There’s a old video of Katie Couric, Lauer’s one-time co-anchor, saying that Lauer used to pinch her on the behind. Couric hasn’t released a statement this week; one suspects she is busy celebrating. At Vox, Emily Stewart writes about other women who were pushed out at the Today Show. The treatment of Ann Curry in particular was shockingly awful, and it’s a wonder she didn’t sue the network for it.
Sometimes you wonder where people’s heads are. The network execs must have known about Lauer but protected him. Why? If he were amazingly charming, popular and accomplished at his job one might understand it, but he wasn’t.
However, I’ve seen the same thing play out in my own workplaces over and over again; women employees are considered more expendable than male ones. This is not just about harassment. Especially before about 1980 sometimes a man had to practically burn down the headquarters building to be considered incompetent, whereas for women there was zero tolerance for anything but perfection. I don’t think it’s quite that bad now, but it’s still not equal.
Anyway, the point I am getting at here is that all of these accusations coming out now need to be looked at individually, not thrown into the same box.
Karen Tumulty writes at WaPo,
New charges are coming from nearly every direction: the political world, newsrooms, Hollywood, Silicon Valley. And they describe a wide variety of behavior, including rape, unwelcome kisses, sexual advances toward minors, and grabbing a breast or buttock.
“We have to preserve the uniqueness of every situation. That’s at the heart of this,” said Democratic strategist Tracy Sefl, who is on the board of the Rape, Abuse & Incest National Network (RAINN), which operates a national sexual assault hotline. “In this climate that we’re in, everything has been lumped together. Then people look at it as if those crimes are all the same.”
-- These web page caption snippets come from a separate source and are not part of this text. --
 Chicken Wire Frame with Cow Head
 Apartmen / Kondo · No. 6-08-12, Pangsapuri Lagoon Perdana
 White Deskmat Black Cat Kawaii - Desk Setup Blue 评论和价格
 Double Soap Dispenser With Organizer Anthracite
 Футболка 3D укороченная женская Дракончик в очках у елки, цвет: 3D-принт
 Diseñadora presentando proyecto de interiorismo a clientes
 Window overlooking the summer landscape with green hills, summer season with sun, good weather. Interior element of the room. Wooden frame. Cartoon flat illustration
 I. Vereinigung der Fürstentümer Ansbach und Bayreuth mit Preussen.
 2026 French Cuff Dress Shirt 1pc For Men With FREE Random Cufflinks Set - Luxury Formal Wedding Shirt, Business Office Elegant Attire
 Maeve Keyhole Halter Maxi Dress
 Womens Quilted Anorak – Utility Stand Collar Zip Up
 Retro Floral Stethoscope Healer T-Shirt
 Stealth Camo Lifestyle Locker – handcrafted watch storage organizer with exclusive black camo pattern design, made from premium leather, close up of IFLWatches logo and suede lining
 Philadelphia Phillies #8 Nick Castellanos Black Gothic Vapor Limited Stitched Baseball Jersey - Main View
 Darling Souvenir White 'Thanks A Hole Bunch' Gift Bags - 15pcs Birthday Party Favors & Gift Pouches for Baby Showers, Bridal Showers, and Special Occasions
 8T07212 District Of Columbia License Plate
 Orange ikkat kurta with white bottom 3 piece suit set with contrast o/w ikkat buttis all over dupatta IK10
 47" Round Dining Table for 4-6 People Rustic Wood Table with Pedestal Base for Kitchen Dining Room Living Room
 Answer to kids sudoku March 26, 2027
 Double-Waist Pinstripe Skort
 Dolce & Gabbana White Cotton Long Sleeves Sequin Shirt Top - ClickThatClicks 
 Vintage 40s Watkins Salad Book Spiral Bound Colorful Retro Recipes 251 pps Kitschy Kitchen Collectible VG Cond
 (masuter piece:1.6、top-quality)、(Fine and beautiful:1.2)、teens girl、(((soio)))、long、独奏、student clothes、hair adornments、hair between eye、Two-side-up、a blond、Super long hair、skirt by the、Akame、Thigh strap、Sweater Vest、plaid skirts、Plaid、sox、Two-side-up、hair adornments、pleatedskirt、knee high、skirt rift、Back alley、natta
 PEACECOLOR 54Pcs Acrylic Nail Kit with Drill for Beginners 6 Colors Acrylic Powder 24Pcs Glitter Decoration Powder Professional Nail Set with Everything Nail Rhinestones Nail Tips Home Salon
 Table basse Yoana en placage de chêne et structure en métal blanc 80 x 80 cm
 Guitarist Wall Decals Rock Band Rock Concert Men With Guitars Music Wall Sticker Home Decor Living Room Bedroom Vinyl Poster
Treating this episodes as “all the same” has the effect of trivializing the worst behavior while punishing people who really don’t deserve it. And my sense of things is that most women know this, while a lot of men haven’t figured it out. Most women want to go after the guys who make our lives hell and ruin our careers. Punishing the schmuck who occasionally does something boorish and stupid but is otherwise okay to work with is not a priority. Frankly, guys, that would describe most of you, even though you may not be aware of it.
I’m seeing a real “yin and yang” vibe on social media. In my unscientific sampling of people I bump into, men are about ten times more likely than women to want a “zero tolerance” approach, which most women realize would flush a lot of basically okay guys down the same toilet with the turds. I’ve seen men asking for bright, clear guidelines and some kind of ranking of offenses, like if putting a hand here is worse than putting it there. They want to be able to refer to a simple Powerpoint chart to know what’s okay and what isn’t. That’s very yang; simplicity and clarity.
However, women see complexity and ambiguity, which is very yin. The same act might be just annoying in one context and terrifying in another. The relationship between perp and victim, the context — whether other people were around, for example — even the perp’s apparent frame of mind can change how the incident is experienced. Women know that simplifying this issue distorts it. You really have to look at each incident separately, and consider it in all the contexts, to judge how serious it was. Sorry, guys.
Men complain that they can’t even flirt any more. Flirting in the workplace is problematic but tolerable in small doses if it’s really flirting and not harassment. Most women know the difference between flirting and harassment. It’s the difference between engaging with us as individual people and just trying to score. Flirting is sweet and subtle; harassment is gross and intimidating. Flirting is a compliment. Harassment takes away our individuality and renders us into Just Another Broad. If you really can’t feel your way around the difference, however, then perhaps you should not attempt flirting with any woman you’re not married or engaged to. (I do wonder if many men suffer from some degree of Asperger’s Syndrome sometimes.)
While we may learn more about Keillor that changes the picture, right now I suspect Minnesota Public Radio should not have reacted so quickly to fire him. And I think NBC should have dumped Lauer at least ten years ago. And now at least one woman has been caught making false claims for political reasons, which was bound to happen. But it just takes a few women to be caught lying before we’re back to the assumption that all women are liars, which is worrisome.
My other concern is that men will take over the issue and assume the lead in writing the sexual harassment response handbook, because men always think they know better than we do, and they will screw it up.
In other news, word is that Rex Tillerson will be replaced at State by Mike Pompeo, an old teabagger from Kansas who probably can’t find North Korea on a map. There’s no hope.